→ DESCRIPTION OF THE TASK
Please restate the records below word for word, leaving out every picture.

→ THE RECORDS

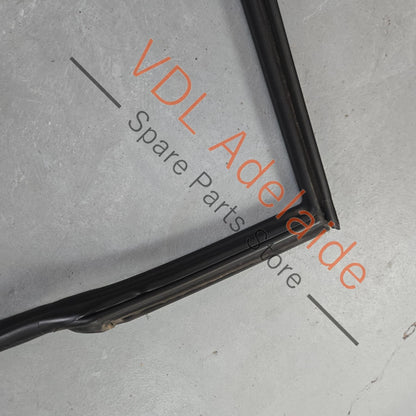 99153707510    Porsche 911 991 Coupe Left Side Inner Door Seal Rubber 99153707510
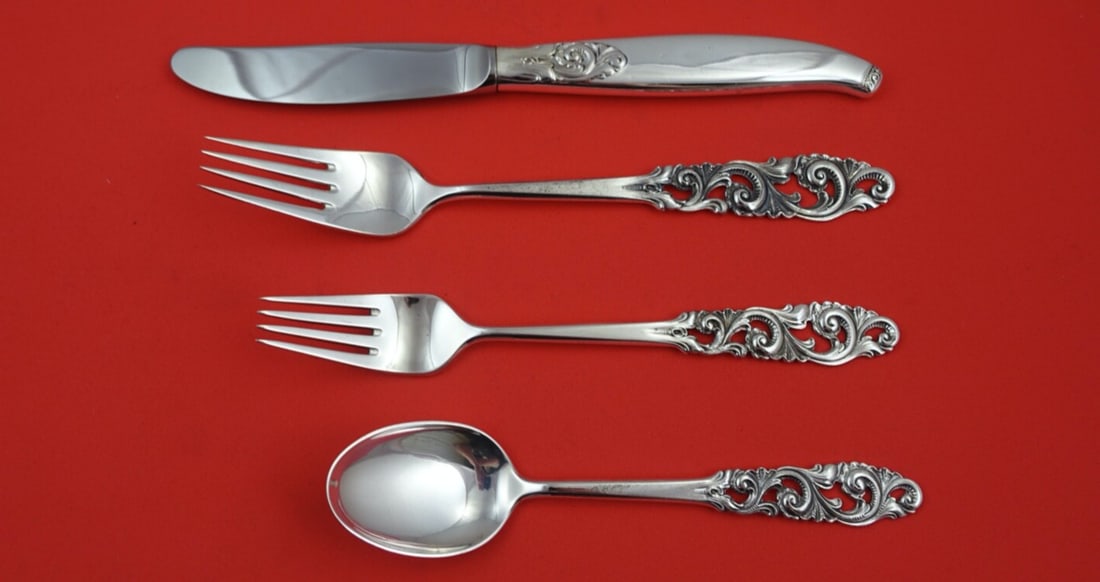 Mylius Brodrene Tele Sterling Silver 4-Piece Dinner Set: Mylius Brodrene Tele Sterling Silver 4-Piece Dinner Set Elevate your dining experience with this exquisite four-piece dinner setting from Mylius Brodrene, featuring the elegant Tele pattern. Crafted f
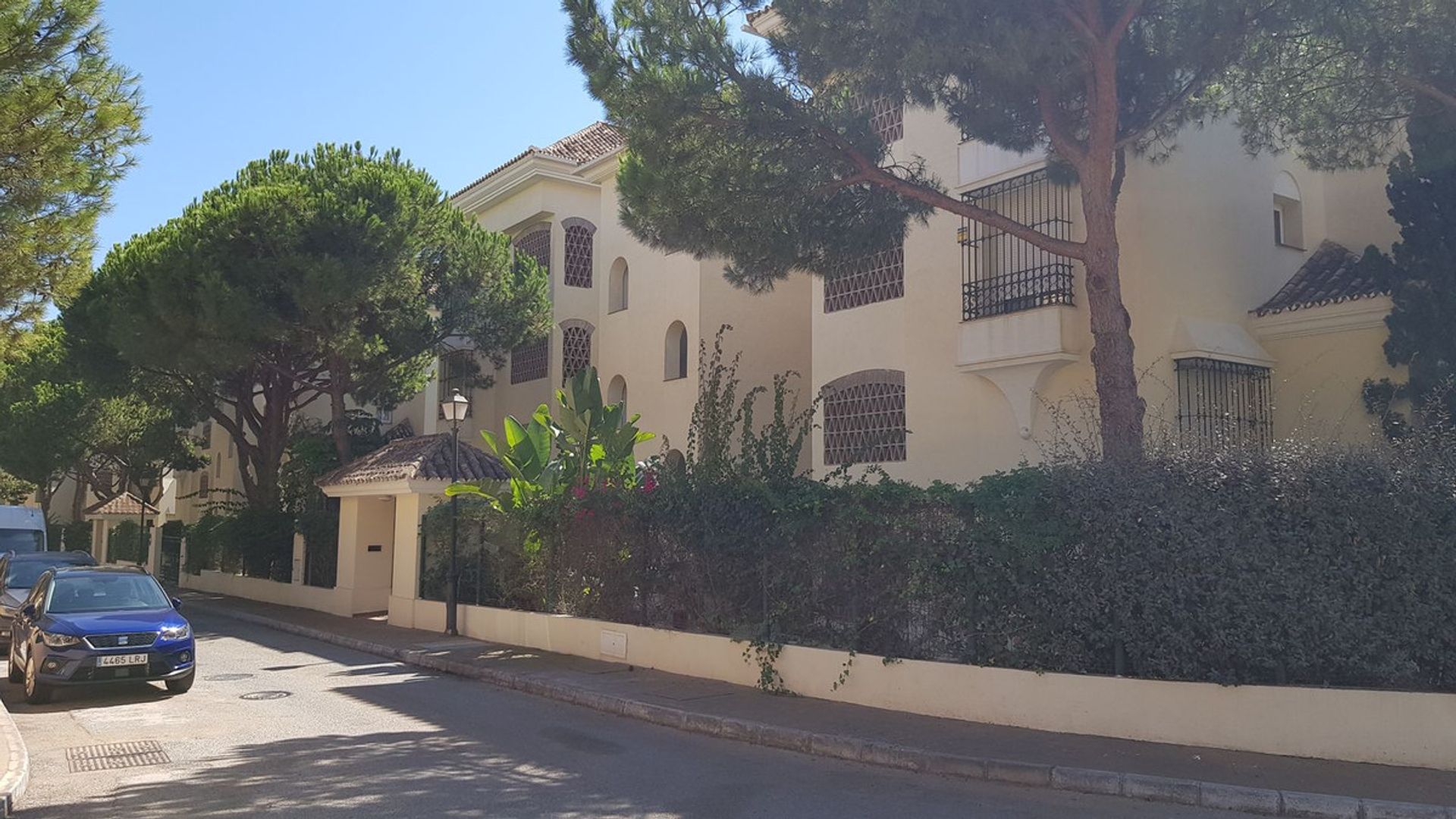 Condominium in Marbella, Andalucía 10946159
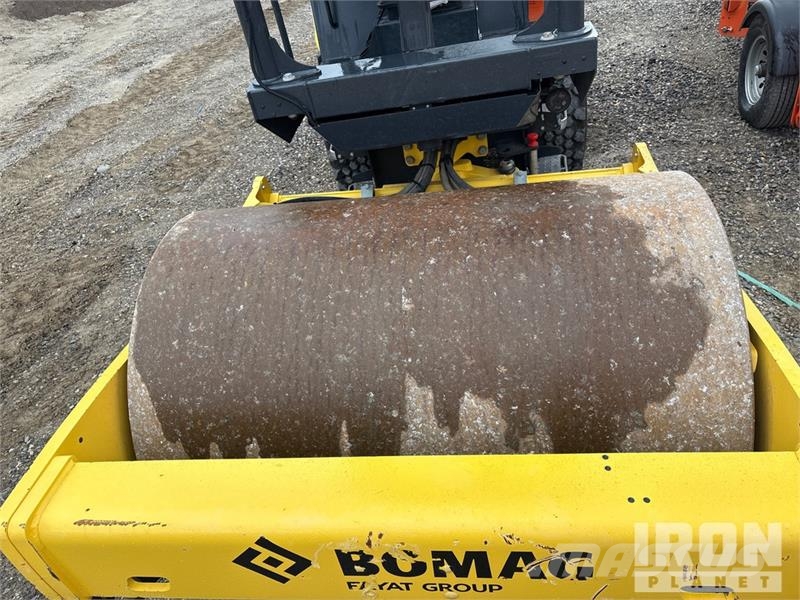 Bomag BW145D Smooth Drum Compactor 振動ローラ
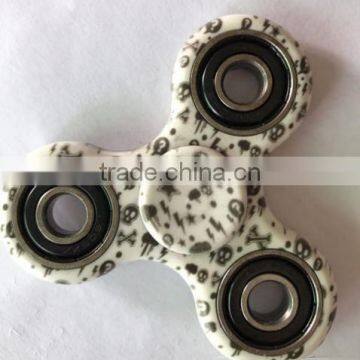 2017 Affordable Section of the Fingertips Gyro United States Decompression Bat Gyro Hand Spinner Manufacturers Direct Supply photo-3
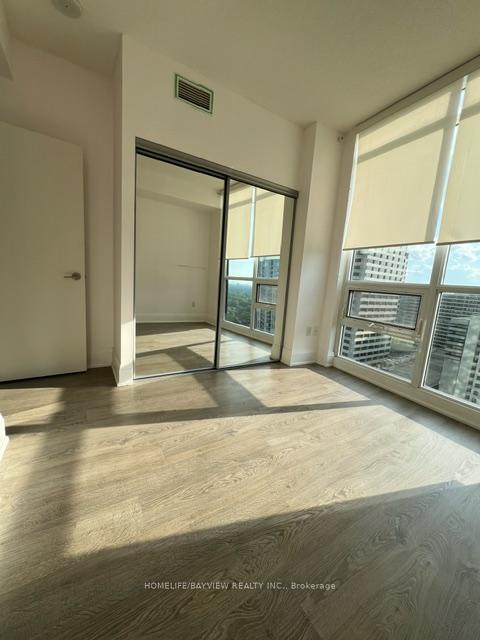 Photo 6 of Unit 2102, 30 Roehampton Avenue, Toronto, Mount Pleasant West — HOMEH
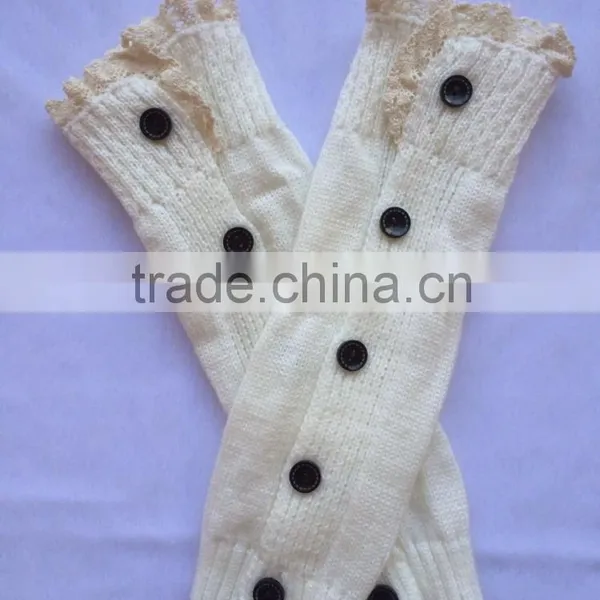 Fashionable Wholesale Lace Leg Warms Boot Cuffs With Button photo-2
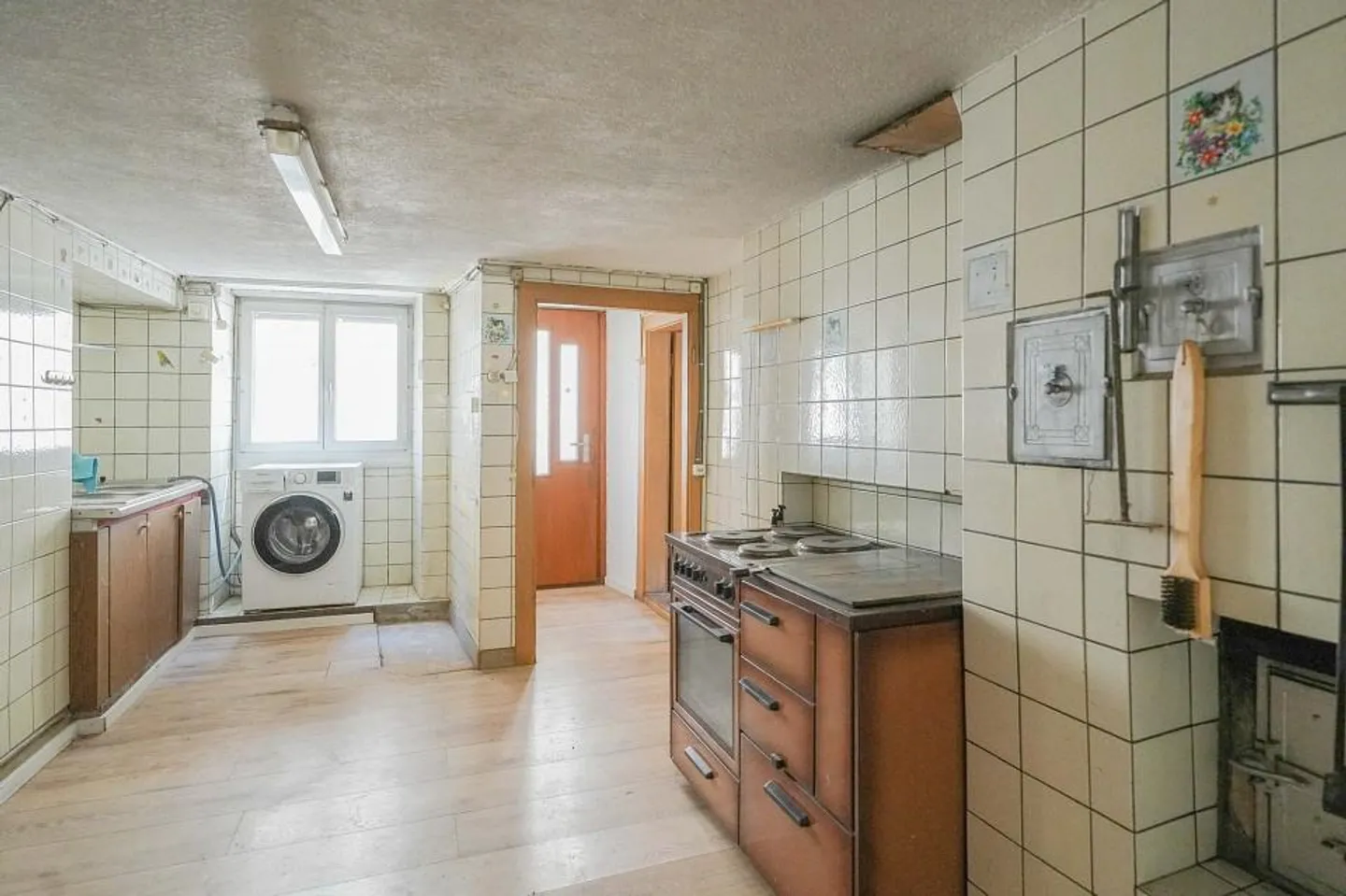 Property with plenty of space, outdoor area, and development potential - Photo 3 of 13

→ FINISHED TASK
 99153707510    Porsche 911 991 Coupe Left Side Inner Door Seal Rubber 99153707510
 Mylius Brodrene Tele Sterling Silver 4-Piece Dinner Set: Mylius Brodrene Tele Sterling Silver 4-Piece Dinner Set Elevate your dining experience with this exquisite four-piece dinner setting from Mylius Brodrene, featuring the elegant Tele pattern. Crafted f
 Condominium in Marbella, Andalucía 10946159
 Bomag BW145D Smooth Drum Compactor 振動ローラ
 2017 Affordable Section of the Fingertips Gyro United States Decompression Bat Gyro Hand Spinner Manufacturers Direct Supply photo-3
 Photo 6 of Unit 2102, 30 Roehampton Avenue, Toronto, Mount Pleasant West — HOMEH
 Fashionable Wholesale Lace Leg Warms Boot Cuffs With Button photo-2
 Property with plenty of space, outdoor area, and development potential - Photo 3 of 13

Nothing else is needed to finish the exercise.